Aujourd’hui, la Suède compte 1 250 friskolor [1], concentrées dans les deux tiers des communes et opérées pour plus des deux tiers par des entreprises à but lucratif. En 2018, 15 % des élèves de l’école obligatoire (7-16 ans) fréquentaient le réseau privé (contre 1 % en 1988) et 27 % au lycée (17-19 ans). À Stockholm, plus de la moitié des élèves fréquenteraient une école privée ou indépendante.

La chute de l’ange

Si certaines écoles indépendantes réussissent à tirer leur épingle du jeu en affichant de bonnes performances dans les tests nationaux, l’effet global de la compétition scolaire demeure mitigé, voire discutable. D’après plusieurs études, les écarts de résultats observés entre les réseaux public et privé en fin de parcours secondaire ne seraient pas significatifs. En 2011, l’un des think tanks les plus influents de Suède concluait même à l’échec des privatisations scolaires sur la qualité éducative. L’inflation des résultats est l’une des dimensions du problème. De fait, la concurrence aurait induit une pression à gonfler les notes des élèves pour maintenir l’image de marque des établissements privés, dès lors surfaite. À cela s’ajoute l’insuffisance de l’inspection nationale quant à la qualité de ces établissements.
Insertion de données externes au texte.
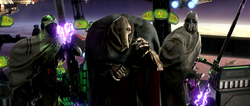 General Grievous amiral gemisi Görünmez El üzerinde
Fait plus inquiétant encore, la dégringolade remarquable de la Suède dans les tests internationaux du Programme international pour le suivi des acquis des élèves (PISA), depuis 2009, trahit la perte générale de qualité de son éducation. En 2015, constatant « [qu’aucun] autre pays participant à l’enquête PISA n’enregistre un tel recul  », l’OCDE plaidait « l’urgence d’une réforme du système  » scolaire suédois. Une réforme régulièrement débattue depuis le début de la décennie, tant sur la place publique que dans les arcanes du pouvoir, alors que rapports et comités se succèdent, mais en vain.

Après les élections législatives de septembre 2018, la question de cette réforme tant attendue reste entière, mais le problème de fond demeure : le régime de compétition scolaire est un véritable fiasco social. D’une part, il favorise la ségrégation scolaire et mine l’égalité des chances. D’autre part, il pousse à une rationalisation abusive des opérations et plombe la qualité de l’éducation.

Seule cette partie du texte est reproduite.